The pictures in the listing below are to be skipped, while the lines between the line holding "Canada Day Window" and the line holding "Rainbow Dots necklace", inclusive, are to be output exactly.

◆ **Data excerpts**
================================

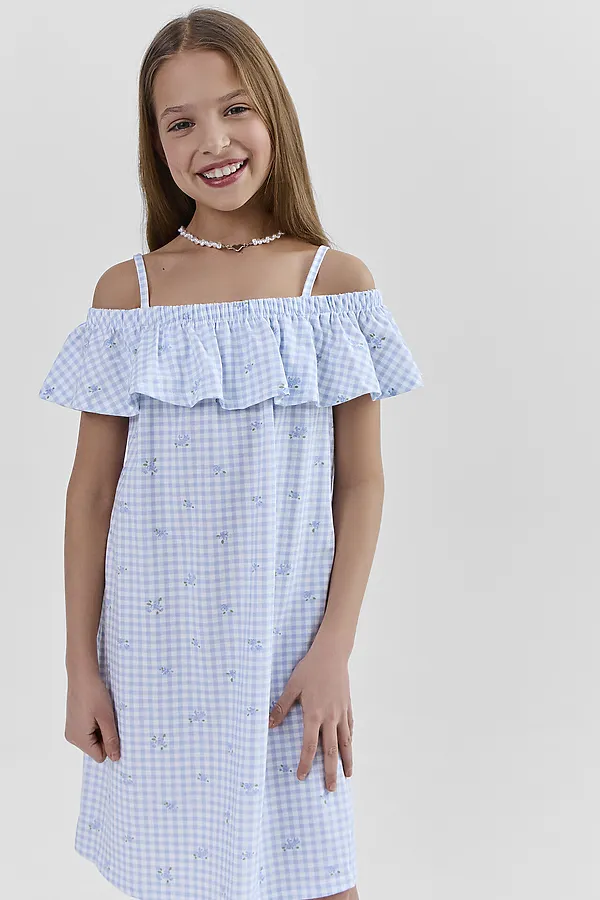 Сарафан для девочек MARK FORMELLE, цветы на голубой клетке - фото 2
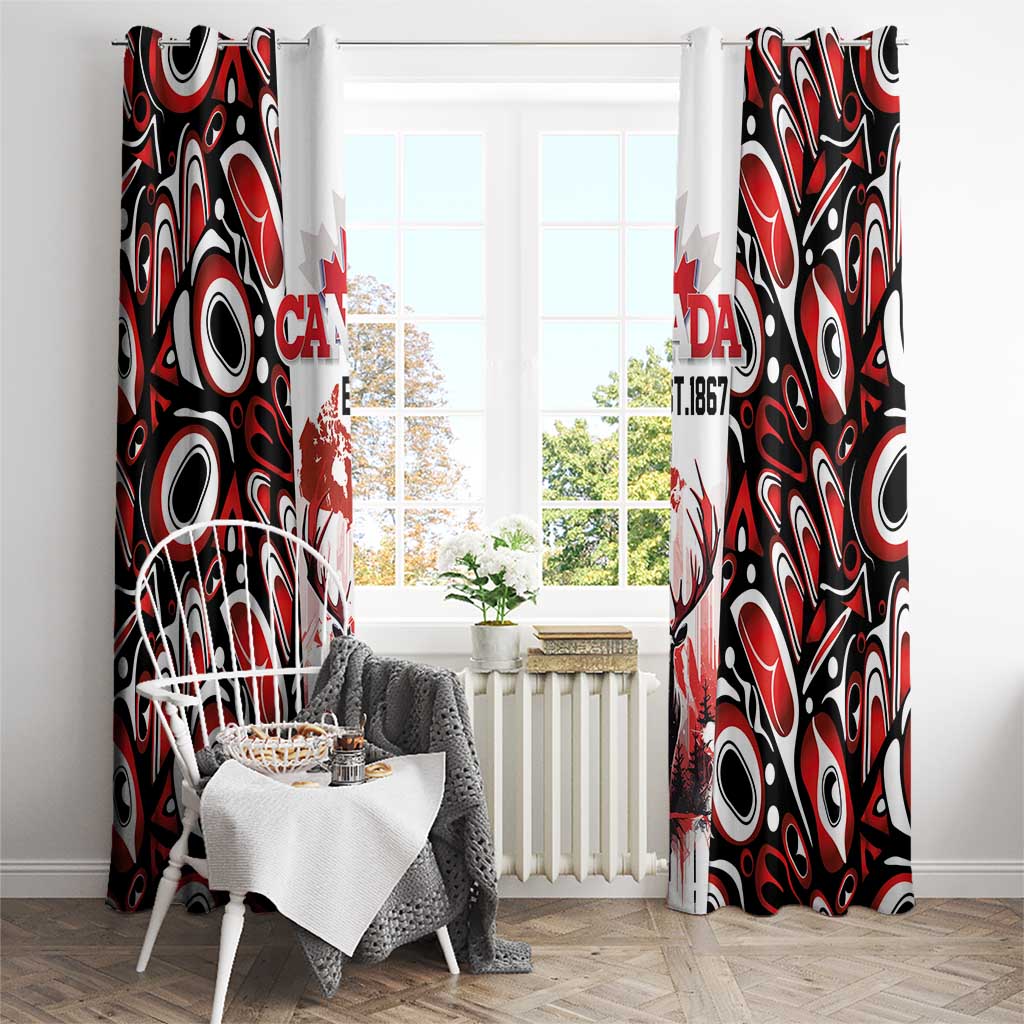 Canada Day Window Curtain The Forest Moose and Maple Leaves-Haida Pattern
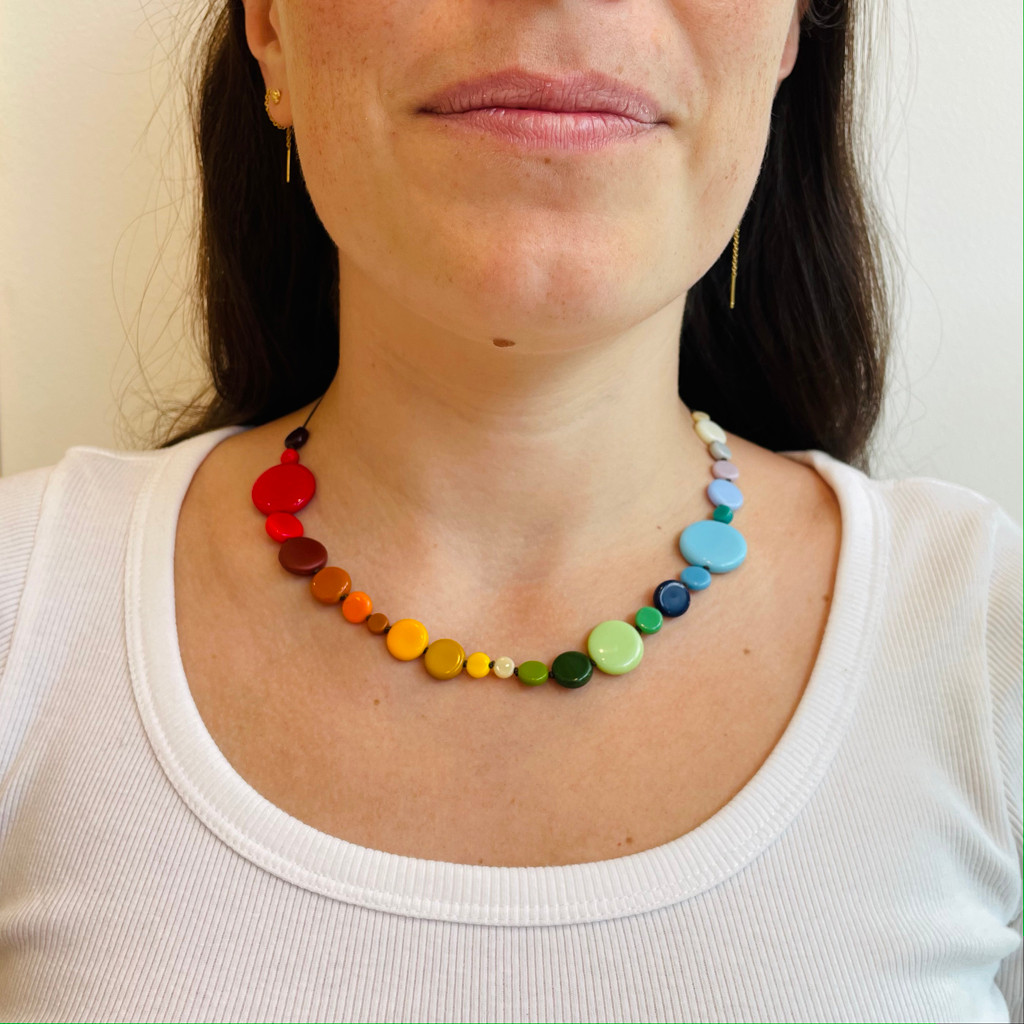 Rainbow Dots necklace by I. Ronni Kappos available at tomfoolery London | www.tomfoolerylondon.co.uk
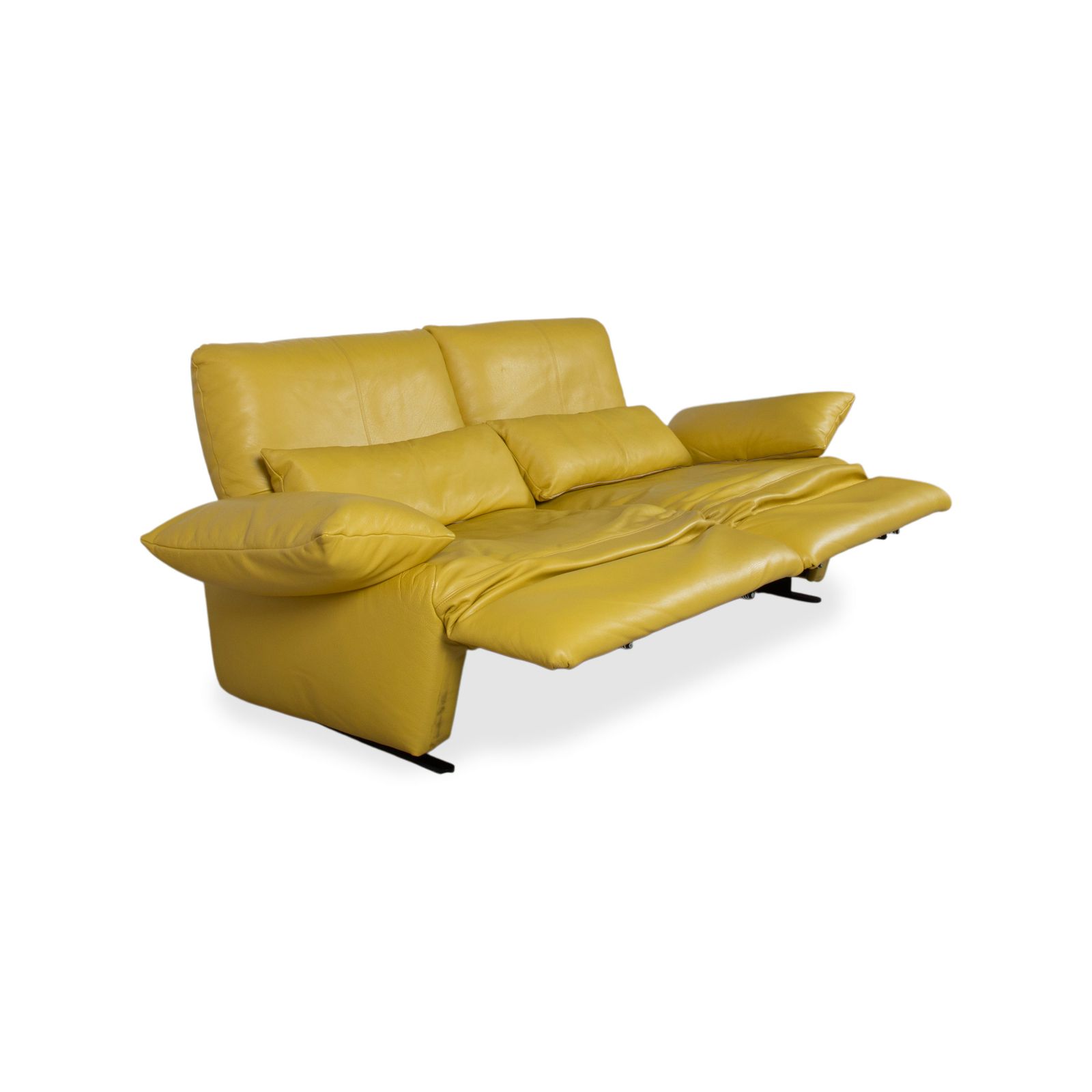 Canapé 2 places Koinor Easy en cuir jaune, fonctions électrique et manuelle photo buy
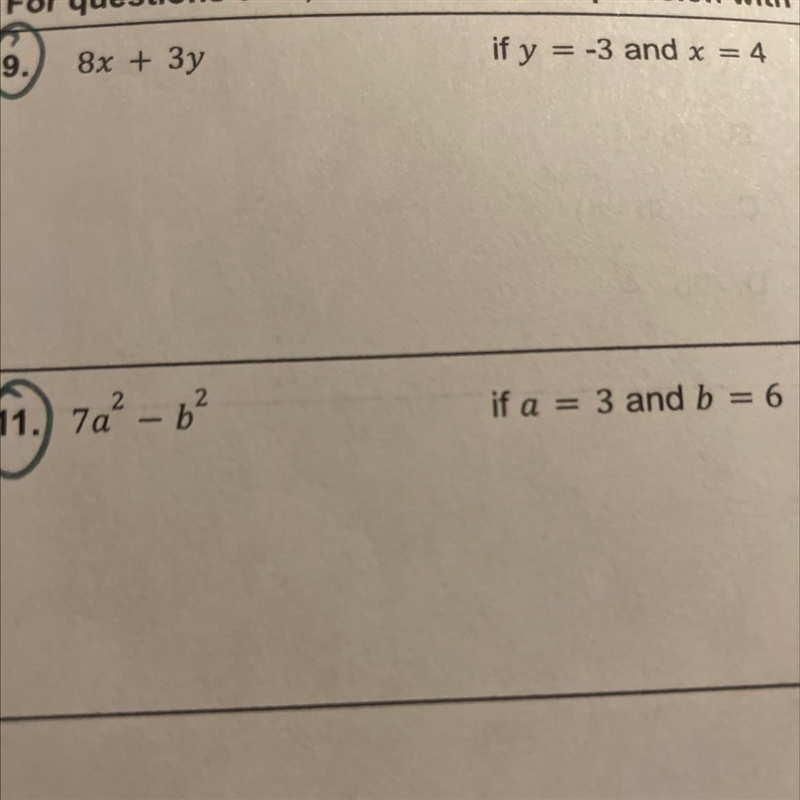 I need help on 9 and 11 (evaluate)-example-1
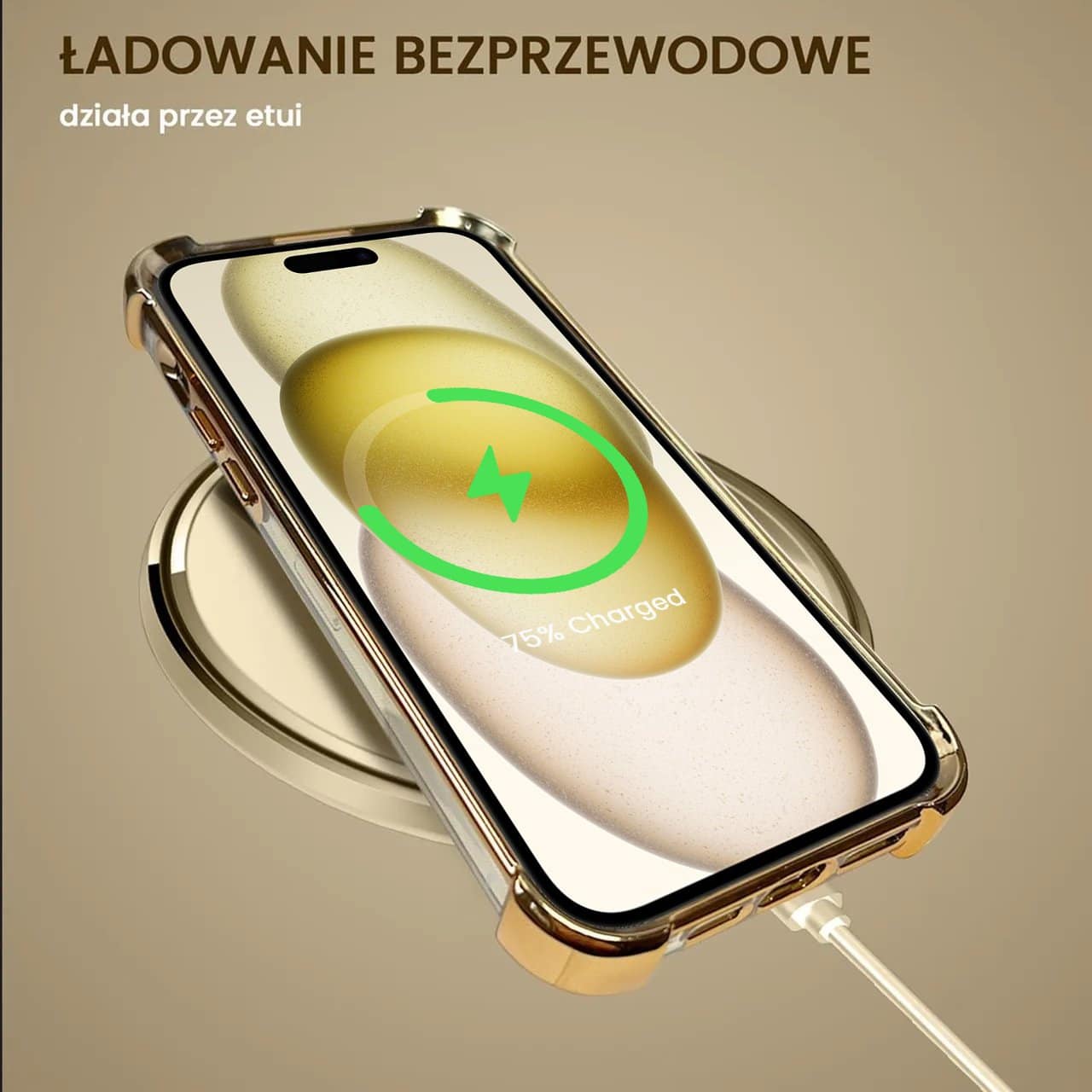 Etui do iPhone 15 Plus Hybrid Elegance Anti-Shock z osłoną na aparat i poduszkami, złote (OUTLET)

================================

◆ **Result of this task**
 Canada Day Window Curtain The Forest Moose and Maple Leaves-Haida Pattern
 Rainbow Dots necklace by I. Ronni Kappos available at tomfoolery London | www.tomfoolerylondon.co.uk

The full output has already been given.